Gold inched higher this morning after falling below $1,155/oz yesterday, possibly a corrective bounce from the past two week’s decline to yearly lows for the yellow metal. All of the precious metals opened slightly higher in New York: silver added almost 1% back to $15.60/oz, while platinum and palladium gained $4 apiece in early trading. Mixed economic data in the U.S. had stocks hesitant but pointing higher, while the dollar eased about 0.6% on the DXY, but remained above 99.1.
Yesterday in the Markets
The stock markets saw one of their worst days of 2015 in the U.S., erasing all of their gains so far this year. The Dow Jones Industrials plunged more than 300 points, or about 1.8%. The precious metals continued their slide, all closing marginally in the red. Treasuries saw some demand, and yields on the 10-year note fell back to 2.05%.

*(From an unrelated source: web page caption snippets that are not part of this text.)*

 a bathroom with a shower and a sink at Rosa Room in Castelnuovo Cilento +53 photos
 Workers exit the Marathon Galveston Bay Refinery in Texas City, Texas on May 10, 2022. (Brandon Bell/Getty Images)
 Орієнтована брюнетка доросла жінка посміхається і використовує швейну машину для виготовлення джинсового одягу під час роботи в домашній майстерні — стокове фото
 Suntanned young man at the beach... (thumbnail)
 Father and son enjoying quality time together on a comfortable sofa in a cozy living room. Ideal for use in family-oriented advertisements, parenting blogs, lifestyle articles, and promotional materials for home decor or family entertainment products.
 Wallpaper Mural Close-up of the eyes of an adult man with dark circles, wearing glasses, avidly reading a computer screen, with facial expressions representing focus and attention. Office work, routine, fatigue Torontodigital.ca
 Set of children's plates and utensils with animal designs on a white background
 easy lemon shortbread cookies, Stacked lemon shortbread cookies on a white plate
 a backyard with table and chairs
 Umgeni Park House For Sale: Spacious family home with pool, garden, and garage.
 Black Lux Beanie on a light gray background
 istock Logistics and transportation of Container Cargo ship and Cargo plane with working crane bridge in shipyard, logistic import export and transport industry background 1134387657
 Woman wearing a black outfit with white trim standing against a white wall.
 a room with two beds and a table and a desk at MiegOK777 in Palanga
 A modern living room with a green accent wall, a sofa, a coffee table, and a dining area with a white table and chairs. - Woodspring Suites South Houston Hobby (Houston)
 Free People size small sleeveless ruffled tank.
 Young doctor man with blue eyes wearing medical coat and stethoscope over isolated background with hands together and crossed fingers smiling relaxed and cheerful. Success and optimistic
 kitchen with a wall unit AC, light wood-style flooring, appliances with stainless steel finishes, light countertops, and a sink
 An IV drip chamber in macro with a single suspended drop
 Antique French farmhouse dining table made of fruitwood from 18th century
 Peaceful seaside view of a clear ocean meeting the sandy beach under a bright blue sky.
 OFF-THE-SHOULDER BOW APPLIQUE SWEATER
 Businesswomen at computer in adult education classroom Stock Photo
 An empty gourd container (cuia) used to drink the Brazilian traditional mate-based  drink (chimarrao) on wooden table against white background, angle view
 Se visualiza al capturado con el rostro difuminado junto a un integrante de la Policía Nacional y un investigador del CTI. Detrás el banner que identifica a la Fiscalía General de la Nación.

Factors Affecting Gold Today
A slew of data was released in the States this morning. U.S. retail sales surprisingly fell for a third straight month, in part due to less shopping in the cold weather in the northeast. Oil inventories rose for a 9th straight week, adding to the supply glut and keeping inflation around the globe capped. Crude prices are down to about $48.50/bbl for WTI and $58.50/bbl for Brent, with a $10 spread. Meantime, jobless claims actually fell more than expected, giving some lift to equities.
The Federal Reserves stress tests for the country’s 31 biggest banks revealed that some of the country’s largest financial institutions came dangerously close to not “passing” the evaluations, even when the headline data showed that the banks were apparently healthy. In fact, several banks (JPMorgan, Goldman Sachs, Morgan Stanley) only received approval after resubmitting amended capital plans; Bank of America got only conditional approval for its plans; and the U.S. divisions of Deutsche Bank and Banco Santander both had their capital plans rejected.
In other central banking news, South Korea’s central bank, the Bank of Korea, has cut its benchmark interest rate by 25 basis points to join the monetary easing club. Even as one of the strongest economies in the region, South Korea is not immune to the deflationary pressures that have been gripping both Europe and Asia–especially now that China, Japan, and the eurozone have all implemented some form of quantitative easing policies. Asian shares rose sharply this morning on the BoK news, with the Shanghai and Nikkei 225 indices up 1.75% and 1.5%, respectively. This marked a 15-year high for the Nikkei.
For an update on the standoff between Russia and Europe in Ukraine, Ukraine has been approved for a $17.5 billion loan from the IMF. European shares were mixed this morning as the ECB continues to buy Italian and German sovereign debt as part of its stimulus plan.
Italian CPI is released on Friday after many countries released their CPI data on Thursday. The U.S. consumer sentiment survey and PPI for final demand will both be announced.